Though he and Simon parted ways a lifetime ago, Garfunkel retains a fondness for his iconic duo. Asked what song he is most proud of, he immediately cites “Bridge Over Troubled Water.” “It’s sung well, and it’s produced beautifully,” he says.

Garfunkel also positively lights up talking about his family. “I’m proud of my family; they’re beauties.” He and his wife, Kathryn Luce Garfunkel, an actor-singer, have two sons James, 28, and Beau, 13, both musically talented as a singer and piano player, respectively.

Garfunkel’s world was shaken when he lost his voice in 2010 to what doctors called vocal-cord paresis (or partial paralysis), which took an agonizing four years to fully recover from. “It was very hard to know who I was if not a singer,” he recalls. “It really threw me into a bad place.” Garfunkel never accepted his singing career was over, though. “I was always dedicated, and you know, you have patience. You try and you weep over efforts made that are still not working, and it’s a cracking, froggy sound.”
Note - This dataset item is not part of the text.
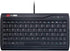 Super Mini Wired Keyboard MCSaite Full Size 78 Keys Keypad Small Portable Fit with Professional or Industrial Use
Having accomplished so much, one wonders if Garfunkel is content, his bucket-list items all ticked off. Hardly. “I have not let it rip. There are places I’ve not been to. I find traveling is really bulky and getting tough, but I still have great curiosity to live and to burn with my curiosity,” shares Garfunkel. “So it’s a contradiction — just when it’s tougher is when I most want to be connected to the world.”